Asombro / Barbara Jacobs

Por: Barbara Jacobs / La Jornada

Ciudad de México, 12 de diciembre.- Durante varias semanas me encontraba extrañada, porque, después de oír a los pájaros al despertar y, en la tarde, ya preparándome a meterme a la cama para leer y escribir, volver a oír a los pájaros, que intercambiaban con su canto los respectivos quehaceres que ocuparon su día. ¡Me encantaba oírlos! Quería, incluso, estudiar, de una manera informativa y accesible para un desconocedor del mundo de las aves.
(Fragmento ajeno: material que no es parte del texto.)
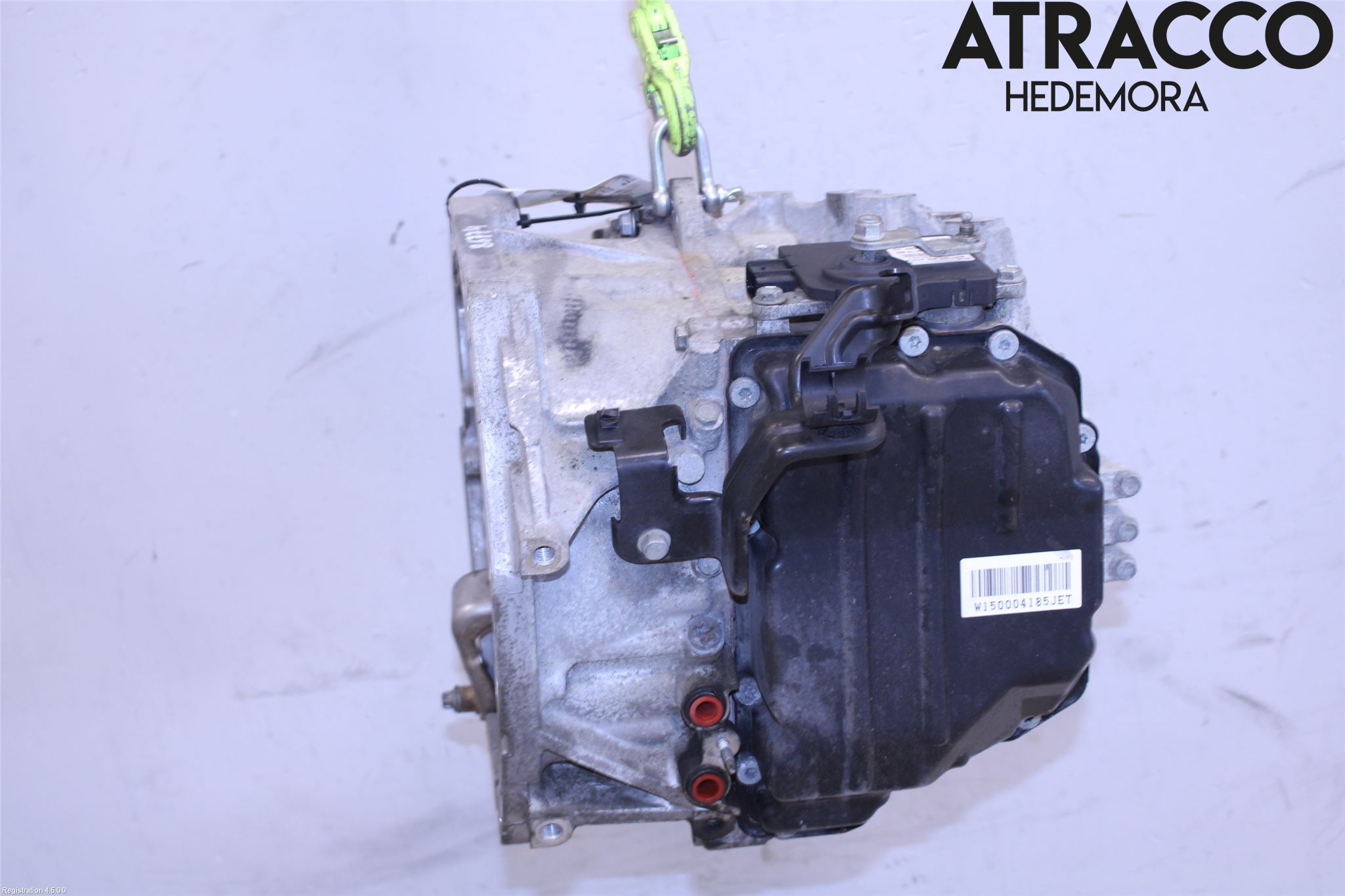 Opel INSIGNIA 09-16 Gearkasse Automat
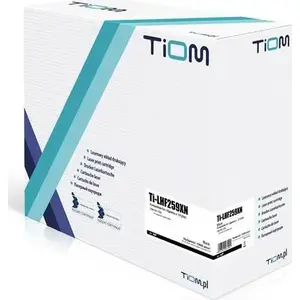 Тонер-картридж Tiom 59X запасной (Ti-LHF259XN) Черный для совместимых принтеров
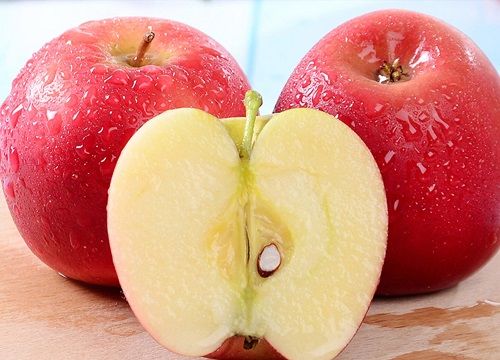如何挑选苹果又甜又脆又好吃 四大挑选经验技巧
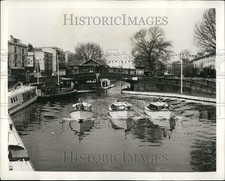 Press Photo 2 Berth Cruisers
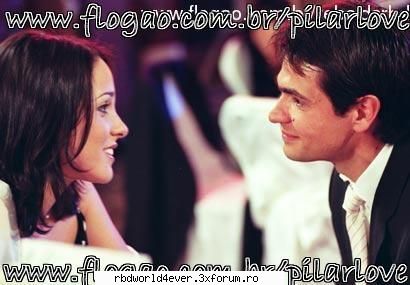 Karla Cossio - anahi_princessa - R3B3LD3
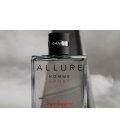 Chanel Allure Homme Sport Superleggera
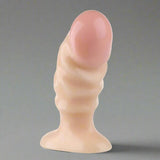 PVC Dildo 4.3" - Flesh Dildos & Dongs My Amazing Fantasy 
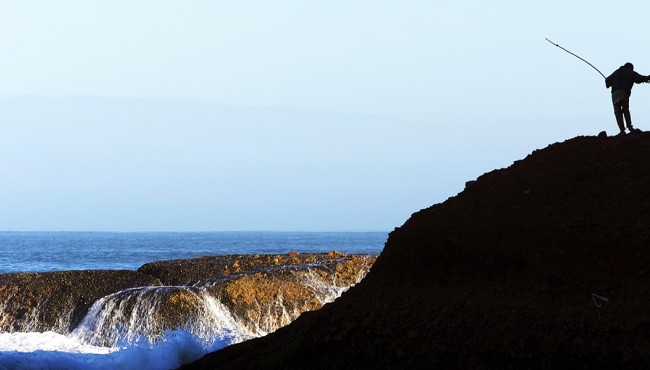 adventure and nautical soprts in al hoceaima city tourism in morocco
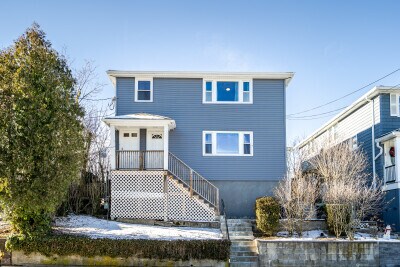 Building Photo - 74 Dunboy St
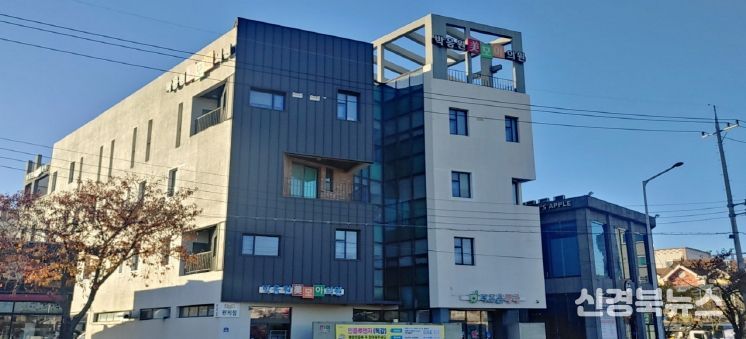 포항시, 달빛어린이병원 2개소 신규 지정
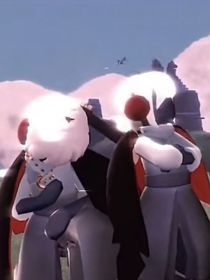 星空无限传媒xk8168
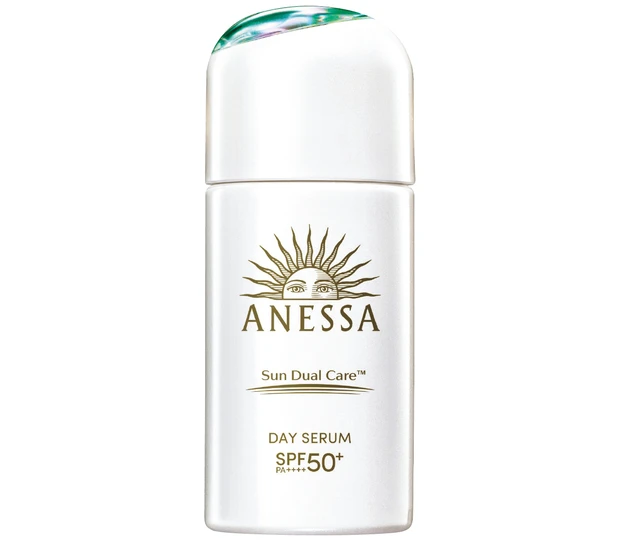 【顔】アネッサ デイセラム N （医薬部外品）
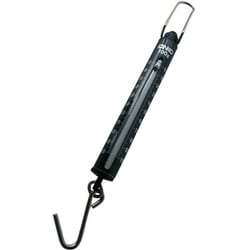 計量用 ばね式手秤 ST-2 2kg 目盛20g 605463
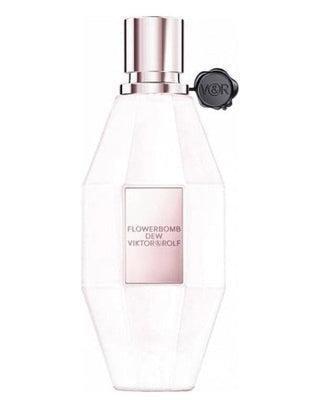 Viktor & Rolf Flowerbomb Dew Perfume Sample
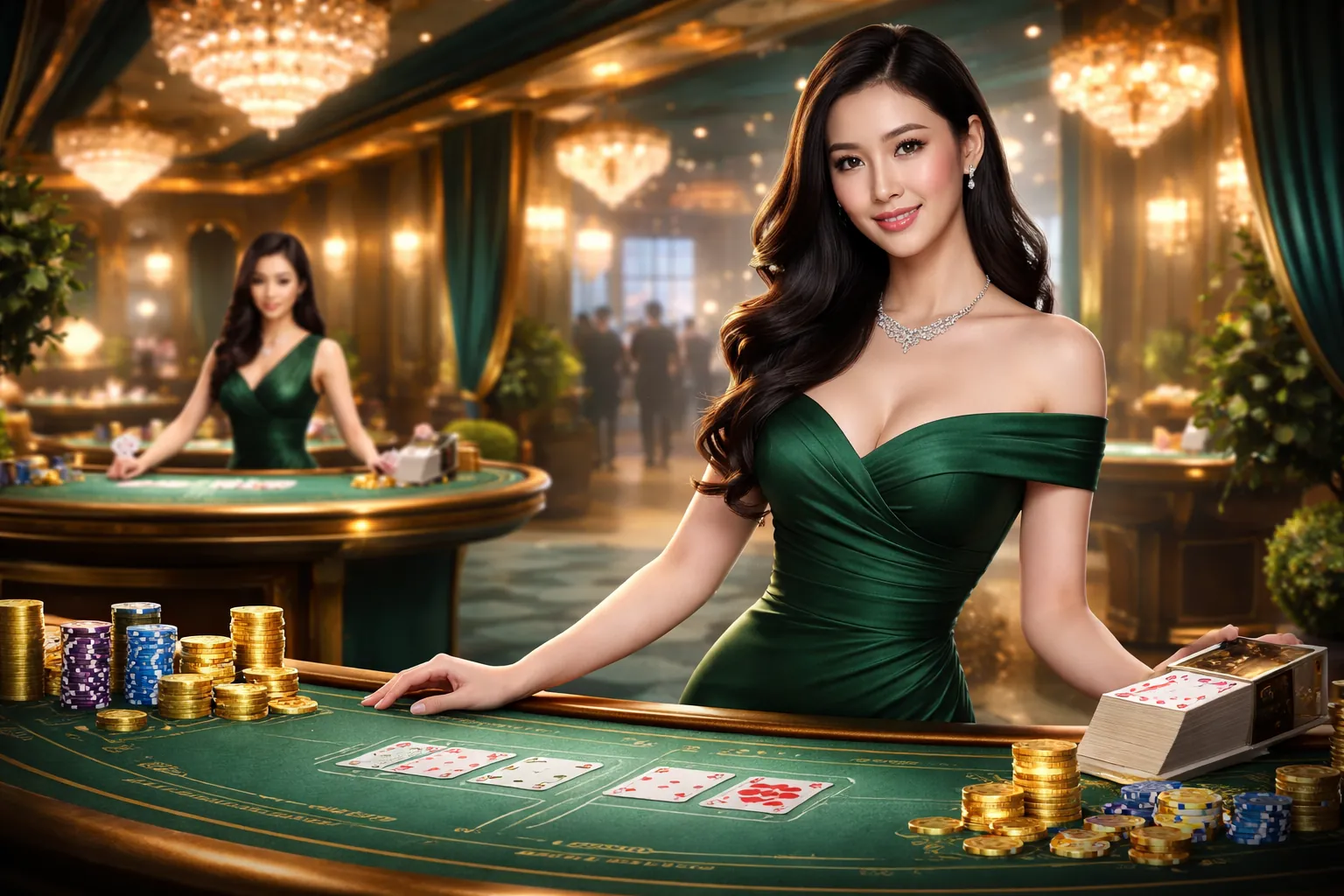 Cam Kết 18win info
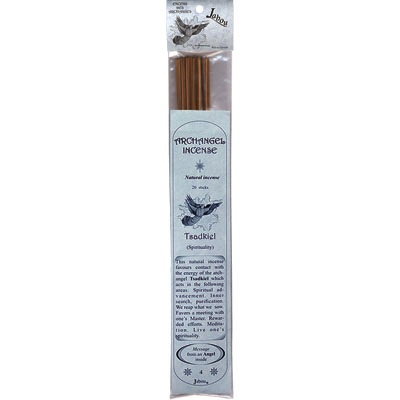 Incense Archangel Tsadkiel spiritual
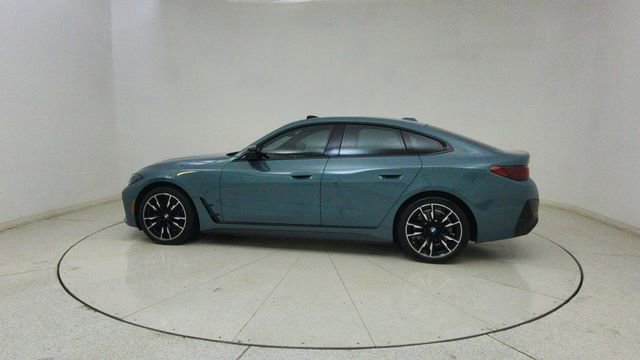 Used 2025 BMW i4 M50 w/ Premium Package AWD/4WD image 66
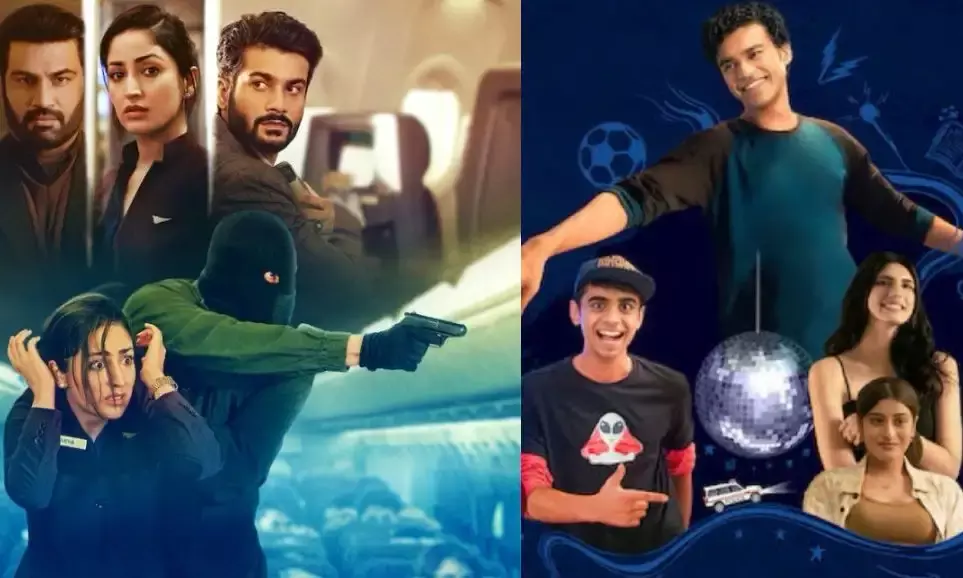 No New Year plans? Stream these best Hindi movies of 2023 on OTT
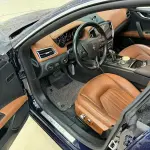 Maserati Ghibli 2021 330 л.с. из Китая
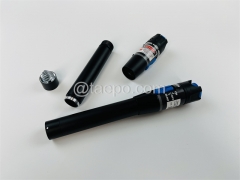 Visual fault locator, 5mW, 5KM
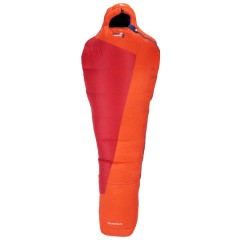 迪卡侬 FORCLAZ 0° ULTRALIGHT专业0度野营睡袋羽绒睡袋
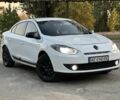 Білий Рено Флюенс, об'ємом двигуна 1.5 л та пробігом 220 тис. км за 7457 $, фото 1 на Automoto.ua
Lo que logré hacer, y que me fue no solamente útil sino particularmente interesante, fue la lectura por Internet, un agradeciblemente breve y suficiente para aquietar mi inquietud de por qué había yo dejado, de pronto, de ser acompañada por el canto de mis extrañados pájaros. El artículo iluminador que leí, ¿Por qué migran las aves en invierno?, me bastó para recordar que, ¡las aves, todas, en todo el mundo o en las partes del mundo en el que se da, por más leve que sea, la estación del invierno. Mi necesaria respuesta se resume en apenas un puñado de palabras: ¡Las aves migran en invierno! Lloré (no exagero; sentimental, siempre he sido, últimamente, más y más, me temo que pasará a ser mi primera naturaleza, al recordar que ¡Las aves migran en invierno! Lo cual, aparte de tranquilizarme por ahora, me devolvió la esperanza, la ilusión, de que en cuanto pase nuestro (aún leve como es el nuestro, aquí, en la Ciudad de México) invierno, volverán los pájaros que me cantaban del amanecer al anochecer; volverán; volverán. ¿Qué más puedo pedir? ¡Volveré a contar con su compañía, a soñar, con la imaginación, en la sabiduría de la Naturaleza que les indica, a todas las aves de la Tierra, absolutamente a todas, que durante la época del frío, donde quiera que vivan, generación tras generación, deben migrar; la Naturaleza las orienta; la Naturaleza es, como comúnmente se dice y se repite, sabía. ¡Y que si lo es!

Mi única duda respecto de la consabida sabiduría de la Naturaleza, a la que no tengo más que agradecer, entre otros detalles, no solamente por haber contribuido, a su modo, a darme la vida sino, para mí, en estos momentos difíciles (primavera, verano y, por lo pronto, otoño, y tampoco lo dudo, el siguiente invierno, y las siguientes estaciones del año, y las siguientes; es decir, se sobreentiende, las estaciones de cada año que yo siga por aquí, salvo durante el invierno, a contar con la compañía sonora, encantadora, de los pájaros de mi jardín y alrededores.

Decía, mi única duda respecto de la consabida sabiduría de la Naturaleza es por qué no orienta y guía y, digamos, se ocupa de dirigir al hombre con su innegable sabiduría.

Por ejemplo, el otro día tuve una experiencia humana de la cual no me repongo, la cual no me explico ni, tampoco, me he resignado a aceptar.

Resulta que entré a no sé qué plaza comercial, creo que Pabellón Altavista, en Camino al Desierto de los Leones, que, después de avenida Revolución se convierte en avenida Altavista, en busca de una correa para mi reloj de muñeca, que ya está desgastada y que hay que reponer. Pregunté aquí y allá en dónde habría en el pabellón una relojería. Encimita de Sanborns, me contestó alguna amable comerciante de la plaza.

Subí por la escalera eléctrica y entré a un comercio justo encimita de Sanborns, que se trataba de una fina tienda de finas antigüedades. Me acerqué al mostrador y pregunté al empleado que, amablemente, me señaló la relojería de al lado. De este lado del mostrador, sin embargo, un señor de tan buen aspecto que podía tratarse del dueño del local y su mercancía, me dijo: Aquí, venga por alguna de estas maravillas, que con un gesto de la mano me señaló a su alrededor. ¡Cómo no! En cuanto haga un poco de dinero, aquí volveré. Y me dirigí a la relojería.

Llamé a mi asistente para que pasara por mí. Mientras lo esperaba, el anticuario me alcanzó y, sin más, me dijo: Me quedé sin gasolina. ¿Podría usted ayudarme con lo que fuera?, se lo agradecería. Le di 20 pesos y me metí al coche, que ya me esperaba, con la puerta abierta.